За малыми исключениями – трехнедельная поездка в Париж, редкие наезды в Варшаву и пара лет учебы в Венской академии художеств – Бруно Шульц всю свою пятидесятилетнюю жизнь, от рождения до гибели, провел в родном Дрогобыче. Тем более поразительна его теперешняя всемирная слава – издания и переиздания его странноватой прозы на всех европейских языках, посмертная премия во Франции за лучшую книгу иноязычного писателя, приз Каннского кинофестиваля за фильм по его повести «Санаторий под Клепсидрой», премьера немецкого документари о нем в Центре Еврейской истории на Манхэттене, наконец ожесточенная, зашкаливающая в международный скандал борьба за его художественное наследство после того, как израильтяне вырубили пять фрагментов его фресок и увезли в Яд ва-Шем, мемориальный музей холокоста.
Оставайтесь в курсе последних событий! Подписывайтесь на наш канал в Telegram.
И то правда: его родной город непрерывно менял свое гражданство. Бруно Шульц родился в Австро-Венгрии 130 лет назад, жил в Польше и писал по-польски, погиб во время немецкой оккупации Дрогобыча, который потом перешел к Советскому Союзу, а теперь заштатный городок в самостийной Украине. При жизни Бруно Шульц выпустил две тонюсенькие книжки, полное собрание его сочинений – пара дюжин текстов – умещается в малого формата четырехсотстраничной книжке, которая в России вышла одновременно в двух переводах, а теперь ее очередное издание в Америке, где издана и его биография. Пропали рукописи последних рассказов Шульца и неоконченного романа «Мессия». Из огромного эпистолярного наследства – несколько тысяч писем, с философским уклоном, о литературе, искусстве и мифологии – сохранилось, дай бог, полторы сотни.

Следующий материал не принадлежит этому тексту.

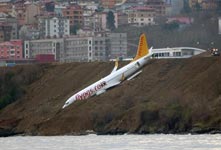 土耳其一客机滑出跑道险坠海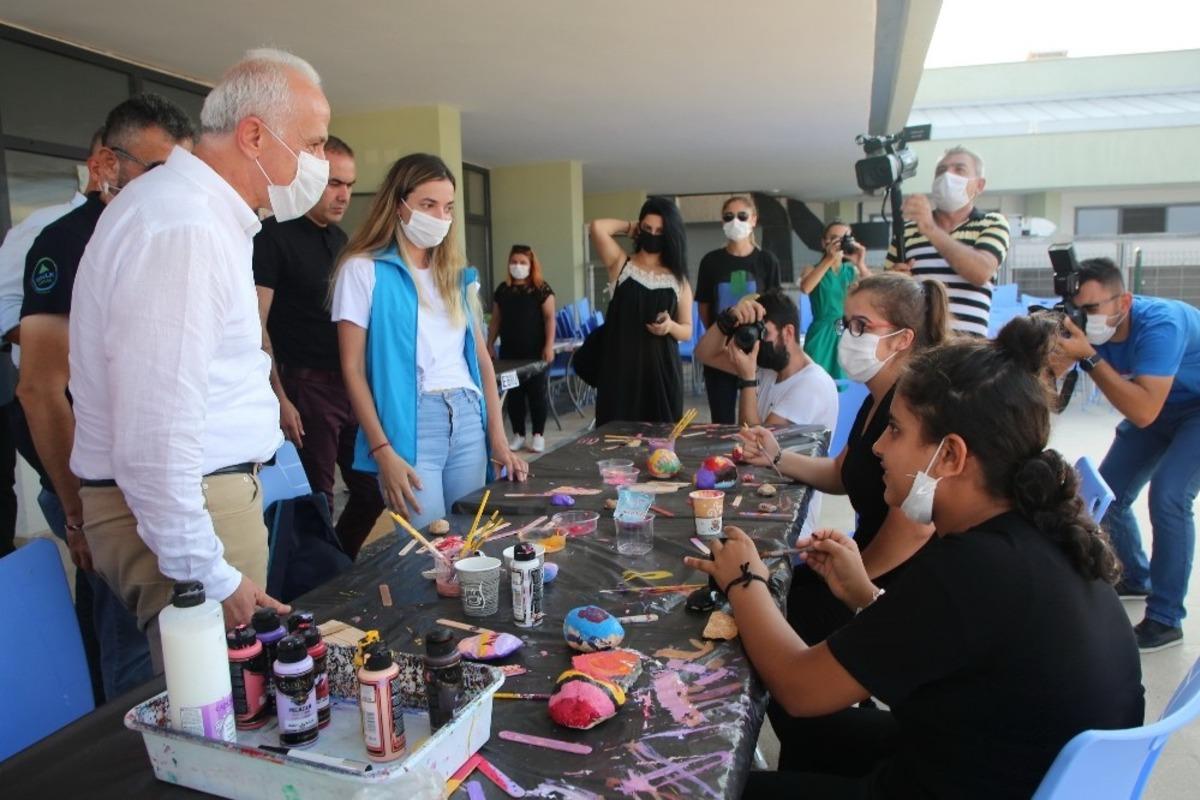 G&uuml;ltak: &ldquo;Şehit ailelerimizin başımızın &uuml;st&uuml;nde yeri var&rdquo;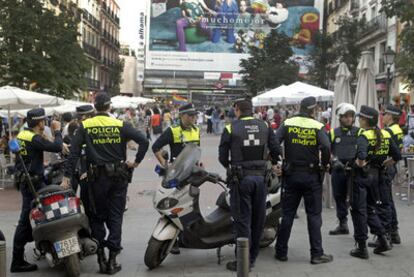 La Policía Municipal vigila a los manifestantes, al fondo de la imagen, en la plaza de Chueca.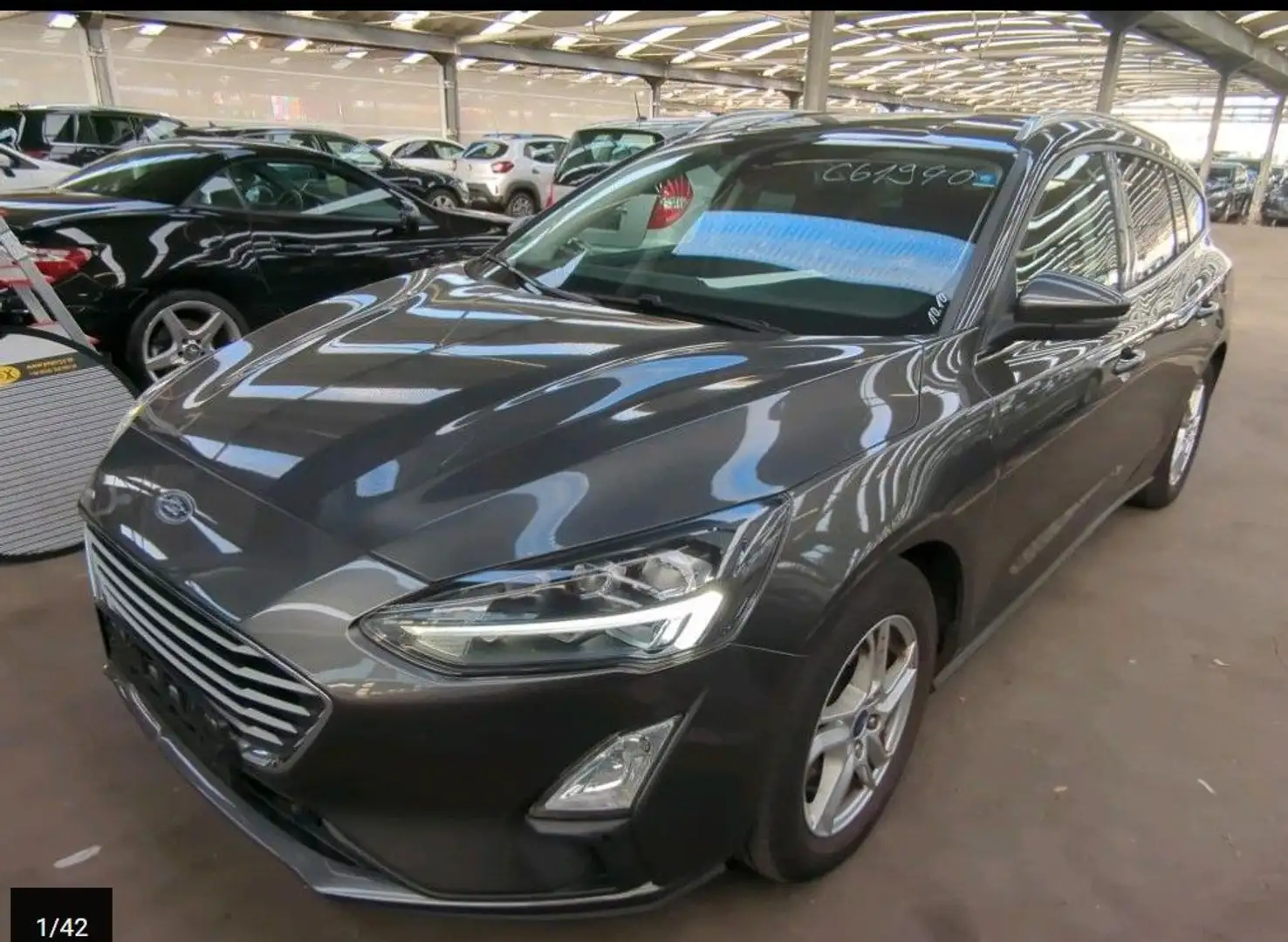 Ford Focus Turnier Aut/Kamera/LED/Sport S/Nav/10950 Gris - 1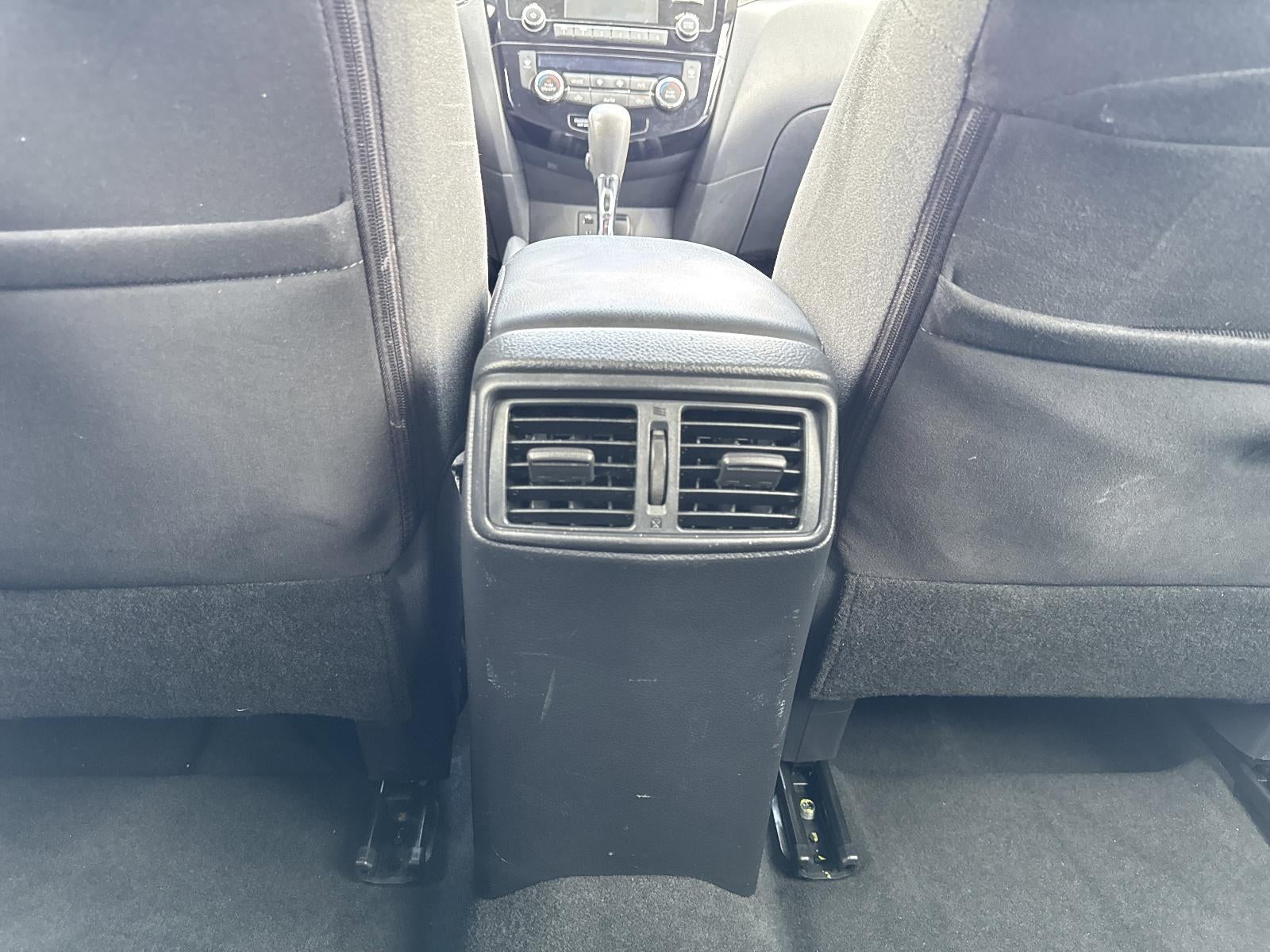 2015 Nissan Rogue AWD 4dr SV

Еще меньше выжило его живописных и графических работ – несколько рисунков, включая автопортрет, чудом найденная оформленная им деревянная шкатулка да дрогобычские фрески, которые стали предметом международного скандала.
«The Wrong Way to Protect the Jewish Past» («Неправедный путь защиты еврейского прошлого») – называлась статья директора Еврейского исследовательского центра Сэмюэла Груббера, опубликованная в «Нью-Йорк Таймс». Еще решительнее раскритиковал действия израильтян польский поэт и эссеист Ержи Фиковски, посвятивший всю жизнь изучению творчества Бруно Шульца. Он считает, что Шульц как художник и писатель – плоть от плоти польской культуры, и притягивать его к еврейству, коему он принадлежит случайностью своего рождения, значит мыслить в тех же категориях, что его убийца, а тот застрелил его именно как еврея.
Есть две версии гибели Бруно Шульца. По одной, он был убит гестаповцем, когда вышел за пайкой хлеба на дорогу, – варшавские друзья уже раздобыли ему фальшивые документы и подготовили побег. Ержи Фиковски, однако, на основании собранных им свидетельств дрогобычцев, рассказывает другую историю. Шульцу покровительствовал гестаповский комендант Дрогобыча Феликс Ландау, ценитель художеств. Что не мешало ему развлекаться, подстреливая других евреев из окна своего дома. Так он, играючи, убил однажды еврея-дантиста, над которым держал крышу другой гестаповец Гюнтер. В отместку Гюнтер выследил Бруно Шульца на улице и в упор расстрелял двумя выстрелами в голову. Случилось это в «черный четверг» 19 ноября 1942 года, когда вместе с Шульцом погибли еще 264 дрогобычских еврея.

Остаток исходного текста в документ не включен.